(Records from a data source)
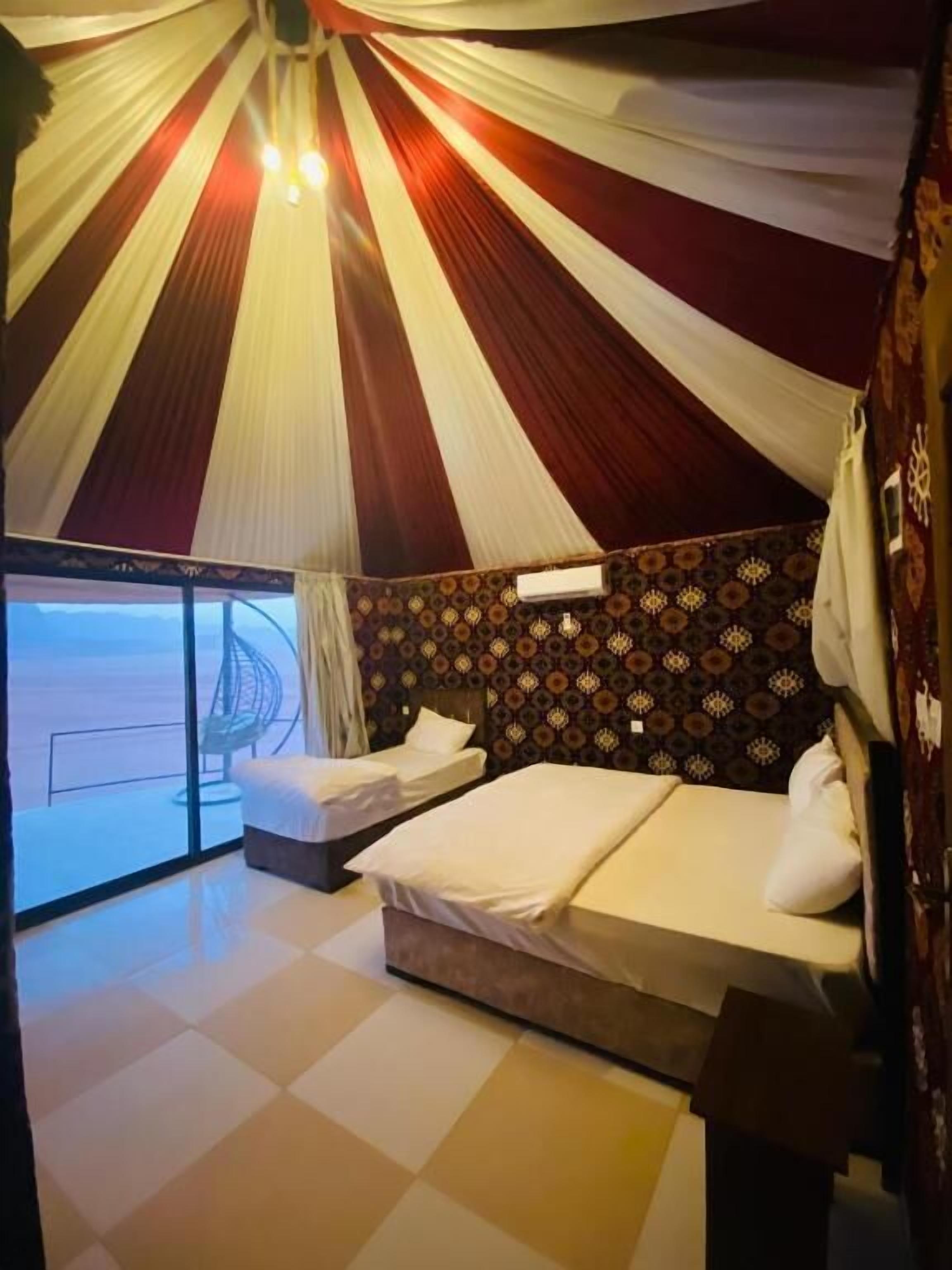 A room with two beds, a patterned wall, a large window, and a curtain.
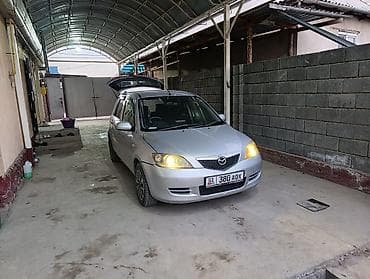 forester 2003: Mazda Demio: 2003 г., Автомат, Хэтчбэк — 1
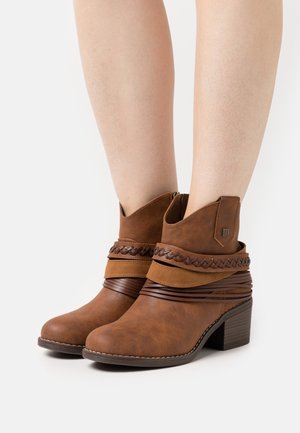 Jambes inférieures portant des bottines marron à talons carrés avec des brides tressées et enveloppées décoratives, sur fond blanc uni.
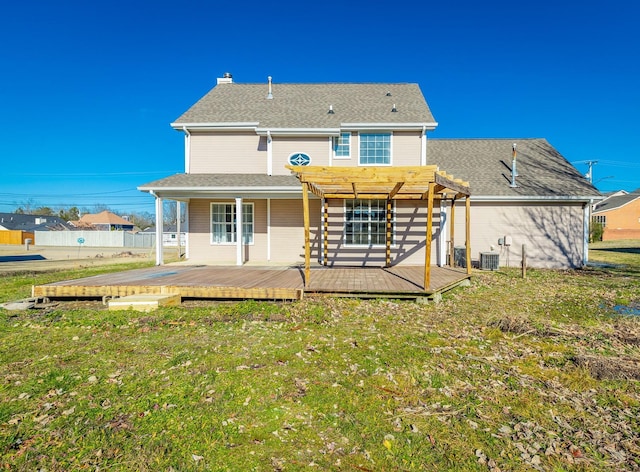 rear view of property with cooling unit, a deck, a pergola, and a yard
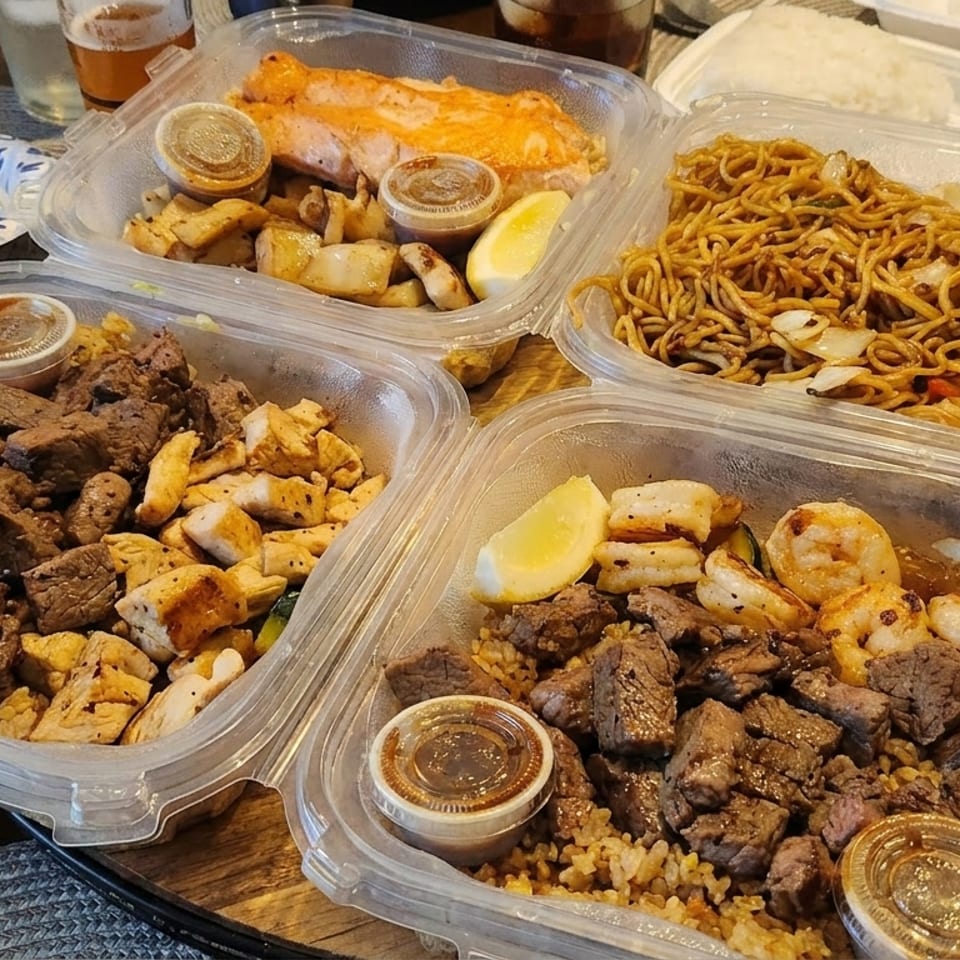 Four takeout containers filled with various hibachi meals, including steak, chicken, shrimp, salmon, and noodles.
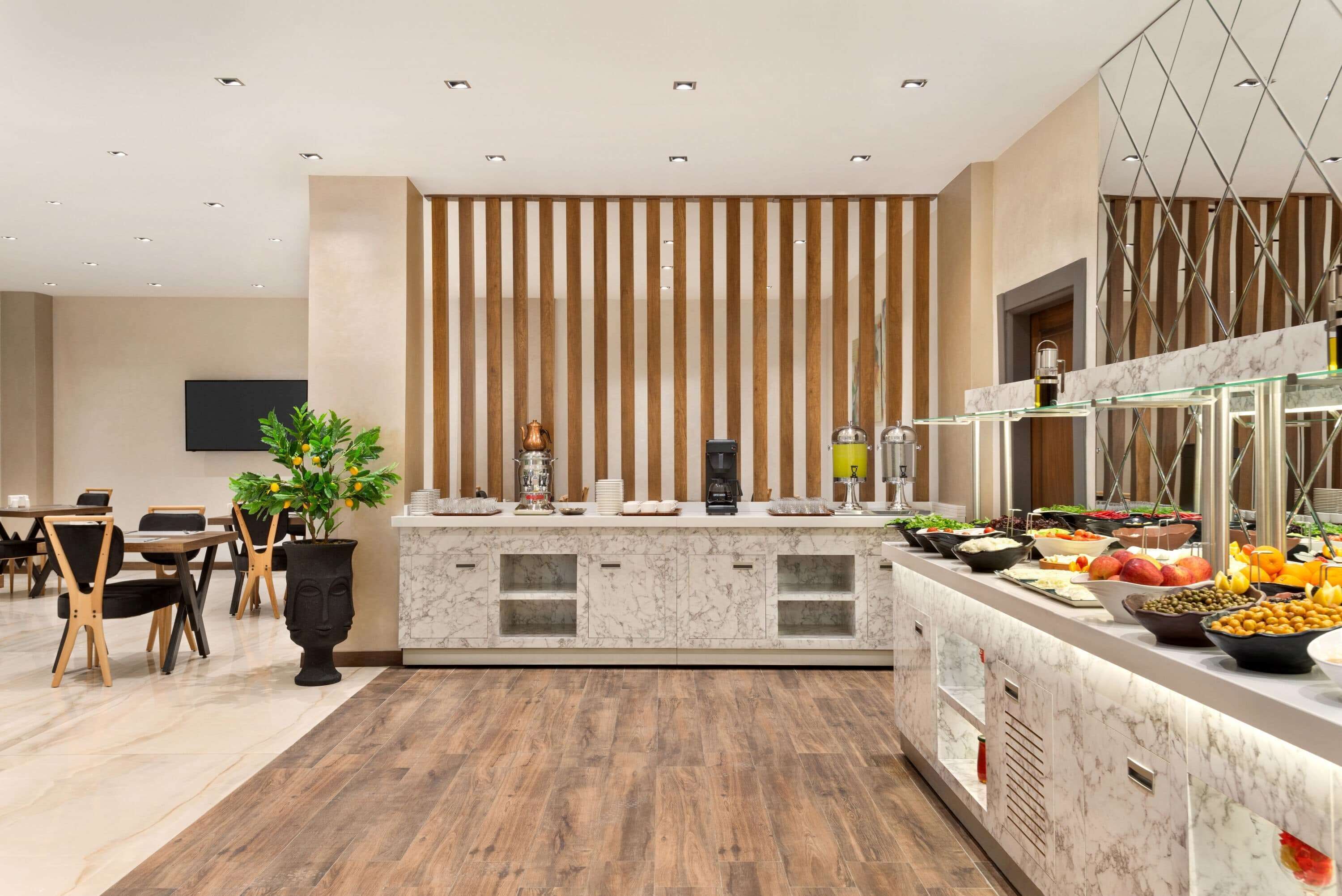 A modern hotel dining area with a buffet, wooden paneling, and a marble countertop.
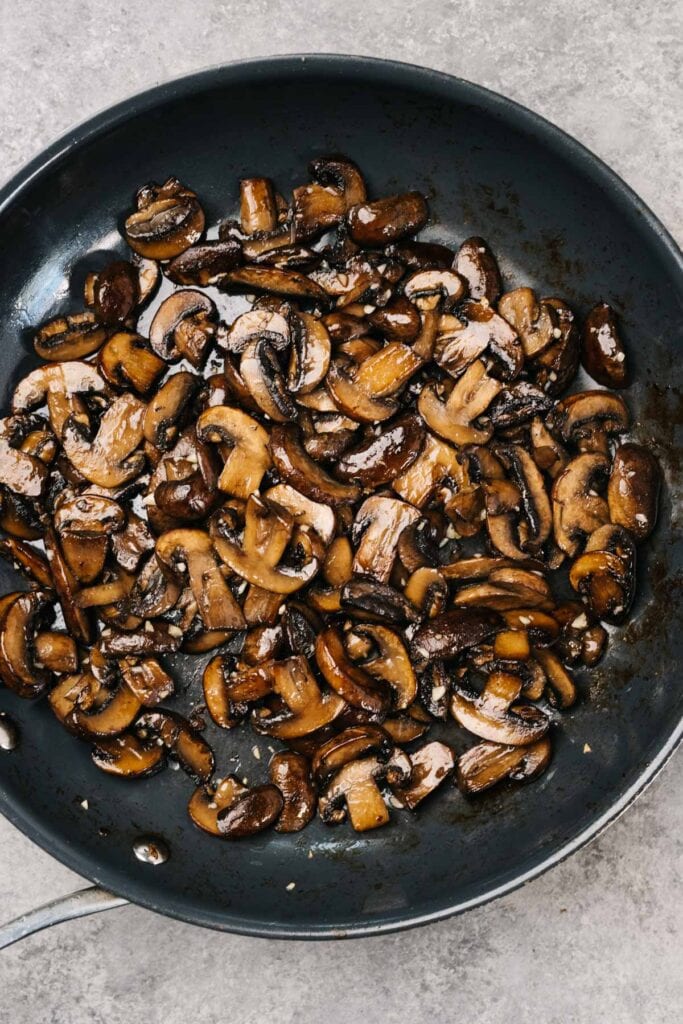 Crispy, golden brown sauteed mushrooms in a skillet on a concrete background.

**The problem**. Print the data above exactly, minus pictures.

**Your solution**.
 A room with two beds, a patterned wall, a large window, and a curtain.
 forester 2003: Mazda Demio: 2003 г., Автомат, Хэтчбэк — 1
 Jambes inférieures portant des bottines marron à talons carrés avec des brides tressées et enveloppées décoratives, sur fond blanc uni.
 rear view of property with cooling unit, a deck, a pergola, and a yard
 Four takeout containers filled with various hibachi meals, including steak, chicken, shrimp, salmon, and noodles.
 A modern hotel dining area with a buffet, wooden paneling, and a marble countertop.
 Crispy, golden brown sauteed mushrooms in a skillet on a concrete background.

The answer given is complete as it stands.